Day followed day, surcharged with fateful issues. Men who flung themselves down, utterly wearied, to snatch a brief sleep, woke from it with an oppression of the breast, a tremor of the nerves. Their fiercely excited brains begrudged an instant's unconsciousness where every minute was a vehicle of destiny, once ahead never to be overtaken. Strenuously, night and day, laboured the Staffs in the Army Headquarters, in the Corps, Divisions, Artillery Groups—desperately, for after the second day they were behind their time-table. On that second day the French defence they had fondly thought annihilated woke to sternly resisting life. There had been terrific fighting on the whole front from Brabant to Ornes. Once more a frightful bombardment had opened with the dawn. Once more the German infantry had advanced in masses. They found the trenches in front of them weakly held, had occupied them. But en route a storm of shells had rained down on the swarming columns, had strewn the ground with dead and dying. Further advance was barred by sheets of rifle-fire, torrents of machine-gun bullets. There were ugly rumours as to losses. The day's objective had not been reached. Counter-attacks had flung the grey infantry out of positions already conquered.

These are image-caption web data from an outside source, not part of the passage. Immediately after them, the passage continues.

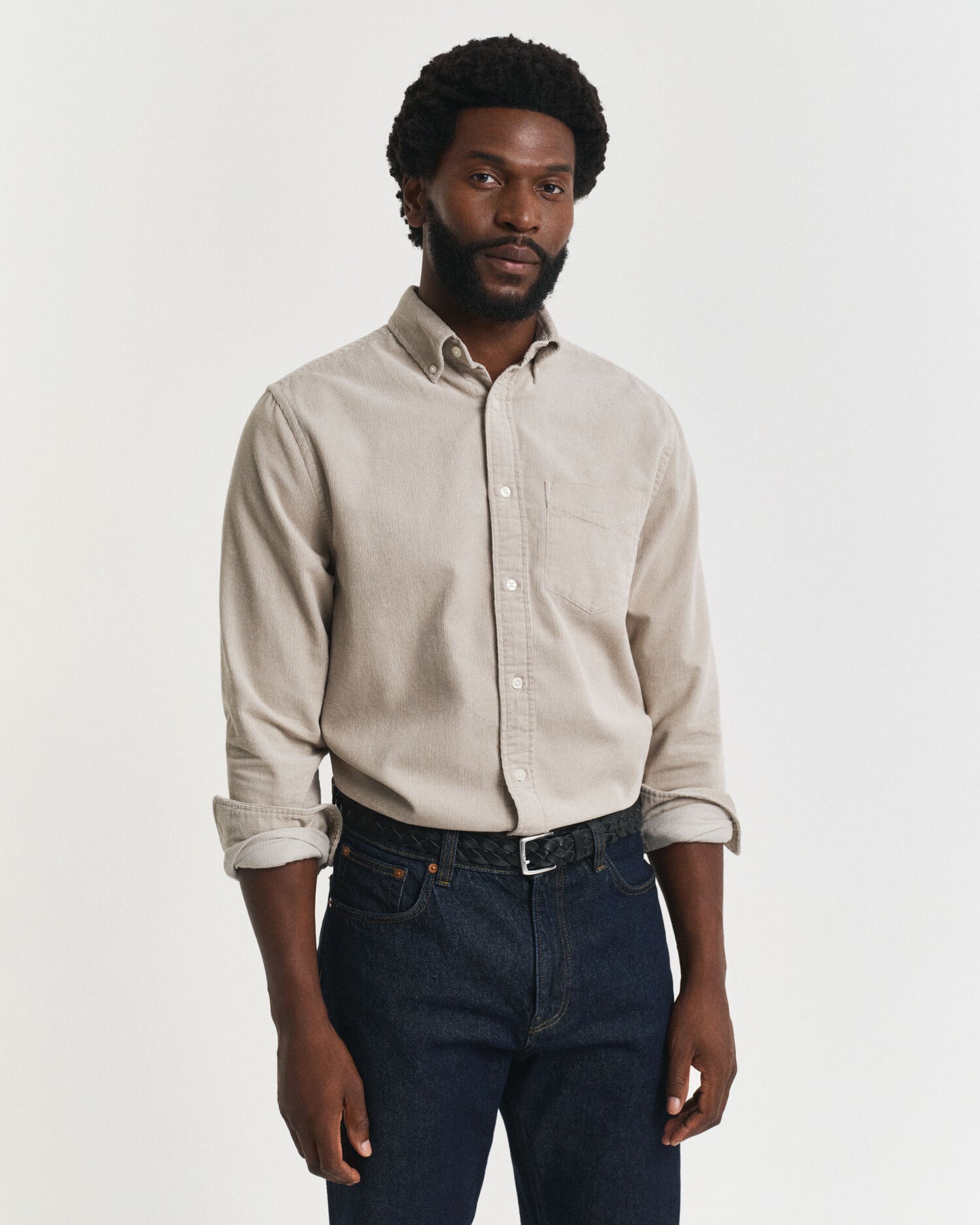 Chemise en velours côtelé coupe droite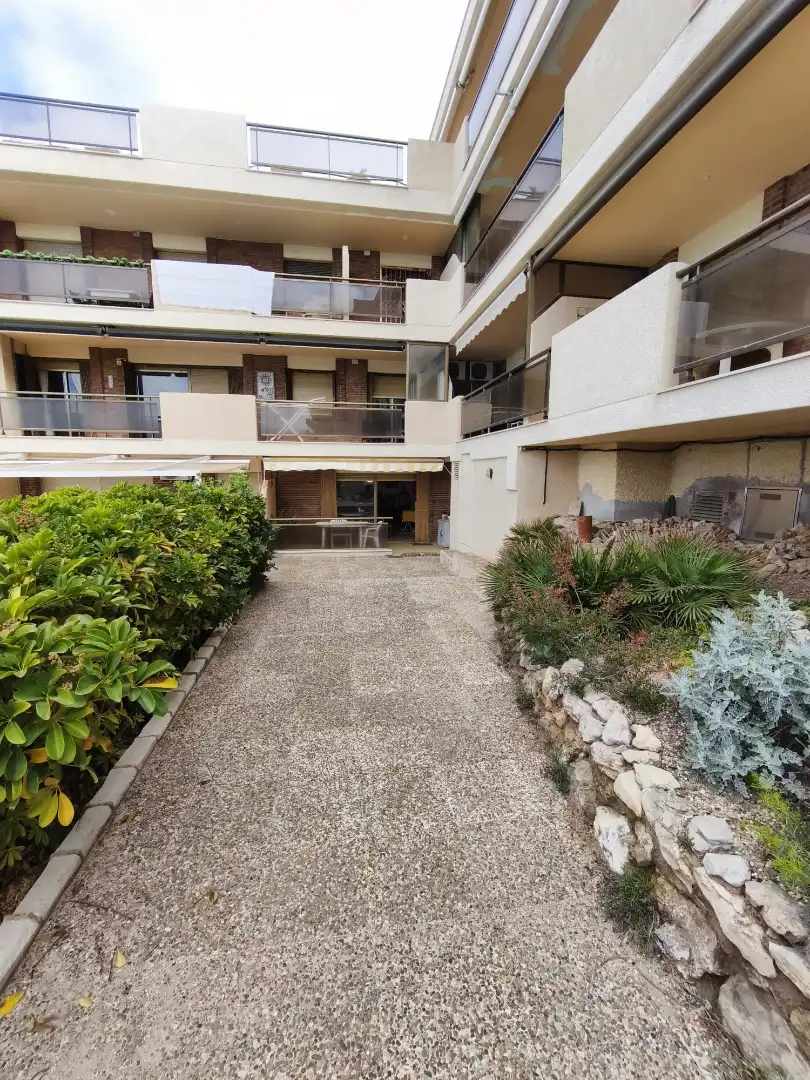 Piso con terraza en venta en Carrer de la Cala de la Font 14, imagen 17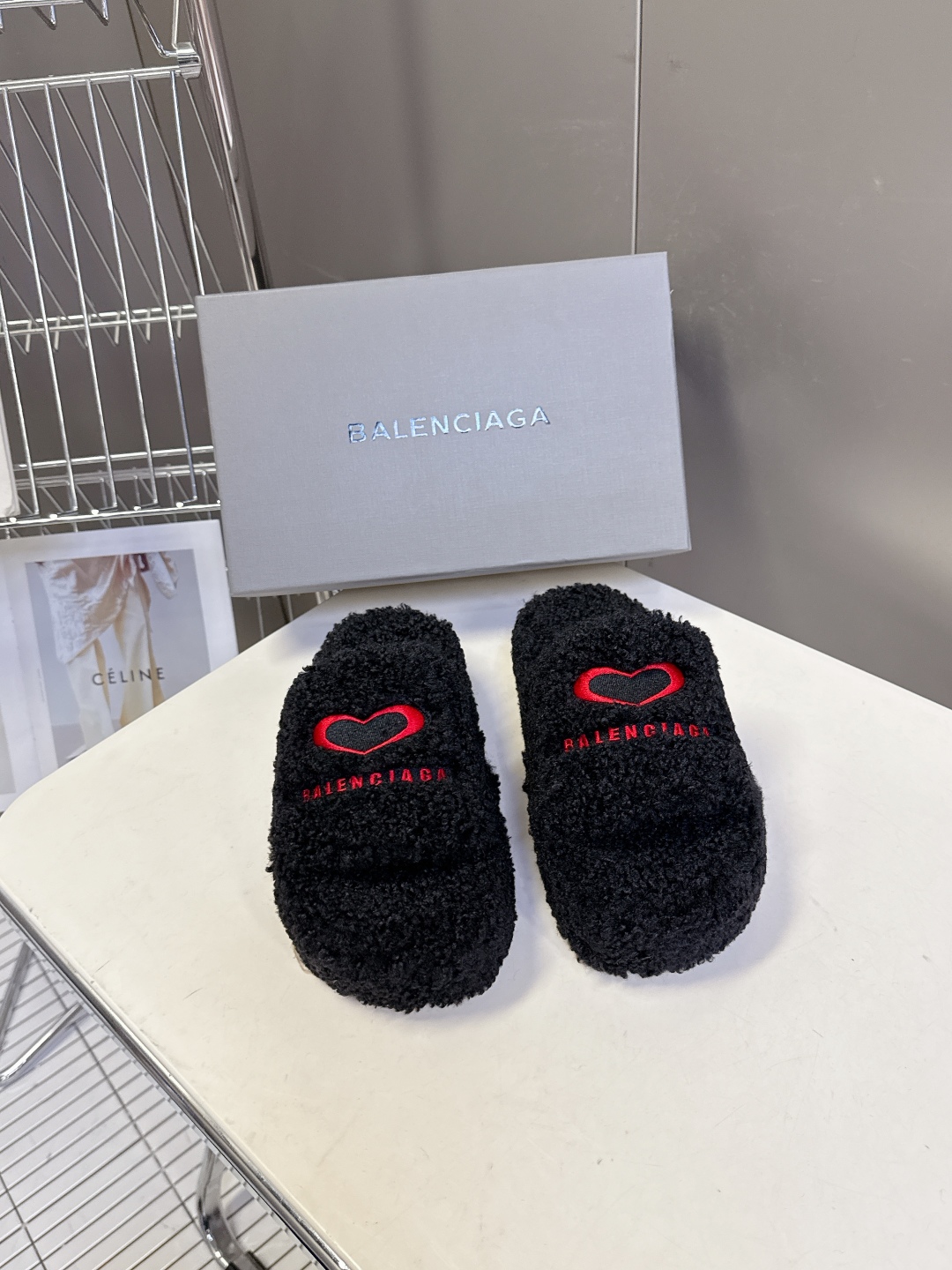 入手困難品！2026 バレンシアガ 新作 サンダル-スリッパ コピー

During the black night of the 22nd-23rd, while the gun-teams of the German batteries strained and stumbled forward over a shell-torn ground to new positions, the French left flank had fallen back from Brabant. The German guns hurled an avalanche of projectiles blindly upon the new lines of defence, more or less at hazard since no longer did they have them accurately marked upon the map. Once more the grey masses swept forward, once more the hail of shells beat them down. The end of that day saw the centre pushed in with wild confusion, but the French resistance still alive, determined to perish rather than break. Once more the objective had not been attained. Douaumont was not even menaced. The time-table was hopelessly out. That night the French fell back on both flanks, withdrew from Ornes.